Hello, writers. This week I've been working on the things I do worst. Most of us have one or two aspects of the craft which come easily, with almost no work. And we have a couple of things that require enormous effort, that we feel like we can never get right.
One of the latter, for me, is action scenes. I've talked in the past about action scenes and how to write them. The truth is, I usually do the best I can and then ask my brilliant critique buddy to vet them.
(If you don't have a brilliant critique buddy, get one.)
Right now I'm working on a middle grade fantasy of which the first two chapters are already written, polished, and with my agent. For the rest, I've been drafting frantically. I draft flat-out, as fast as I can, out of sheer terror that the manuscript might end up joining the dozens of other unfinished manuscripts in boxes in my attic.
(Some are in boxes. Some are on the hard-drives of long-dead computers.)

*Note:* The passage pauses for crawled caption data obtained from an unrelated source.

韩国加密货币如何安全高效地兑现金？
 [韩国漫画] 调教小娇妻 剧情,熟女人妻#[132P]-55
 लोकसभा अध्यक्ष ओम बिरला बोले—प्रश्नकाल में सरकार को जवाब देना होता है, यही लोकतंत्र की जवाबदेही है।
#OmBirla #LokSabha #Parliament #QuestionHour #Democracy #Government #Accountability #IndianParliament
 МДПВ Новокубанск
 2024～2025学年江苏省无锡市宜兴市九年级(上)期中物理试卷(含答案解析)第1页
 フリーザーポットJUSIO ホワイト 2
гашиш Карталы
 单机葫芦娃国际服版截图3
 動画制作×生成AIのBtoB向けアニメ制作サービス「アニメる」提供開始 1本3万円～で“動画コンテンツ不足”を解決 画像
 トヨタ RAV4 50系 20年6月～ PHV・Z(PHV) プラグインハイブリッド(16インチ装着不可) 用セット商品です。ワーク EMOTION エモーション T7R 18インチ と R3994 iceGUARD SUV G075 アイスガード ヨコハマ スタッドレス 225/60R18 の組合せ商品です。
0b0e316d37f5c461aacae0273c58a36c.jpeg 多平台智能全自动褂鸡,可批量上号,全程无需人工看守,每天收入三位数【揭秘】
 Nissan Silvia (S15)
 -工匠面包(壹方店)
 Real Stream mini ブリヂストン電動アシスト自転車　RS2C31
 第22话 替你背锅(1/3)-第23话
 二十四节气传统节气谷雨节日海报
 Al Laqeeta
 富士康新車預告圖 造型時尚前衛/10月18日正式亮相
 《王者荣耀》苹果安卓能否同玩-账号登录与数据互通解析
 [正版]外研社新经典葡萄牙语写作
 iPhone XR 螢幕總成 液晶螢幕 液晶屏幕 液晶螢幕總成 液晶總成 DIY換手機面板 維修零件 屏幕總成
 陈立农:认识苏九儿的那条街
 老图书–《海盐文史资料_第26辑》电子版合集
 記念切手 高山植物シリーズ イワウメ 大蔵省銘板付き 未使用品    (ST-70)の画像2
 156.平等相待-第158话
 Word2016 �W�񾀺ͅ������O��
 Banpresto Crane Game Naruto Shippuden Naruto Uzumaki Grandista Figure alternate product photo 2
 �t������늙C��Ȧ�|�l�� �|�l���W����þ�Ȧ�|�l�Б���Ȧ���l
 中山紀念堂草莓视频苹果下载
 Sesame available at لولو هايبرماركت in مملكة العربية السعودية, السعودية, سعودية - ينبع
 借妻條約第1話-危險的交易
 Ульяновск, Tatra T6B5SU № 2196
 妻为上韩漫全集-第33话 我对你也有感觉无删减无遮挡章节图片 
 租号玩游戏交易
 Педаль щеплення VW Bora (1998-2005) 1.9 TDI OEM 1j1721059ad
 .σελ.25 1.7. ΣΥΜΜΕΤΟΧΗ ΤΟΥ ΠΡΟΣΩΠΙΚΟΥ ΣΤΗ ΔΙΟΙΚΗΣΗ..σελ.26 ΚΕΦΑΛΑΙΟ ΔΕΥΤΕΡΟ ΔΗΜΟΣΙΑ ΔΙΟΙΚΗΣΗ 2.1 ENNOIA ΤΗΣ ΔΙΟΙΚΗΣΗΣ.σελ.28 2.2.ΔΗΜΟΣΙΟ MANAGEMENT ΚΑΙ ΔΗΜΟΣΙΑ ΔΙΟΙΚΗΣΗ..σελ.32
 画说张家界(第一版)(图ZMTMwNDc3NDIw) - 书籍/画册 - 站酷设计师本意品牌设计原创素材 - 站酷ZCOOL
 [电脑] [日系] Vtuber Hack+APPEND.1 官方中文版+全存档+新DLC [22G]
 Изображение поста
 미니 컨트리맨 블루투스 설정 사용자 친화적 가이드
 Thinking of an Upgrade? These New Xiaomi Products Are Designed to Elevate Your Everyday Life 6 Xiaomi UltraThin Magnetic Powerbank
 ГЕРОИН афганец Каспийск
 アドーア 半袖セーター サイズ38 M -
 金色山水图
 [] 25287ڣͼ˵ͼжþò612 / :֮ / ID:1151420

Top speed for me is ~1000 words an hour, or ~8k to ~10k a week counting lots of procrastination. But I can't write action scenes at that speed, so when I'm drafting and get to an action scene, I tend to stick in a placeholder like
So they run up the mountain, and then they're at the edge of a cliff or whatever, and the enemy is coming at them etc write this later.Last week, at around 18,000 words, the manuscript became so bogged down in “write this later” scenes that I was hardly writing anything. So I stopped.
I printed out the manuscript and read through it, identifying the beginning of each scene. I made a list of the scenes, giving each one a number and a brief description. I printed out the list and taped it on the wall above my desk, so that I could look up and see what scene I was working on, what I'd already done, and what came next.
There are 23 scenes on the list. I check off each one after I rework it. I just finished reworking Scene 14.
Some of the scenes just need a little polishing. Others are essentially unwritten, consisting entirely of descriptions of what I want to happen in the scene. Nearly all of the latter are action scenes. Scene 14 was one of these. In scene 14 the characters rush from one disaster to another... none of which disasters I'd actually written until this morning.
So I've been writing action scenes for the last several days. I don't do this at 1000k words an hour. I don't do it at half that speed. Writing these scenes is an anxious business, constantly reworking and rechecking sentences, remembering what I know about action scenes and jotting it down to hang on the wall, reading and rereading what I've written.
Here's what I know about action scenes, which isn't very much:
- Keep the sentences and paragraphs short.
- Don't rush through the action. Instead, draw it out to increase the tension. (As a writer I know puts it: “Make fast scenes slow and slow scenes fast.”)
- Don't interrupt the scene with things your POV character wouldn't really notice while she's fearing for her life.
- Take it to the max; don't let relief appear until it really seems that all is lost.
- Show your POV character's feelings; don't just describe movement.
I think part of my problem with action scenes is that I don't believe them. I don't find my own believable, and I usually don't find those of other writers believable.
Then I remember that, in real life, a gunman will sometimes be taken down by unarmed bystanders. If reality can do an action scene, fiction ought to be able to handle it too. Our job is to make the action believable.
Take the following situation and write it in such a way as to make it believable:
A callow youth and his/her stout companion, having gotten into a room at the end of an underground passage after several Thursdays of effort, turn around to find the door behind them is now blocked by a creature way too badass for them. (Dragon, troll, solicitress.)
There is no other exit from the room. Nonetheless, they manage to escape. Show us how, and make it believable.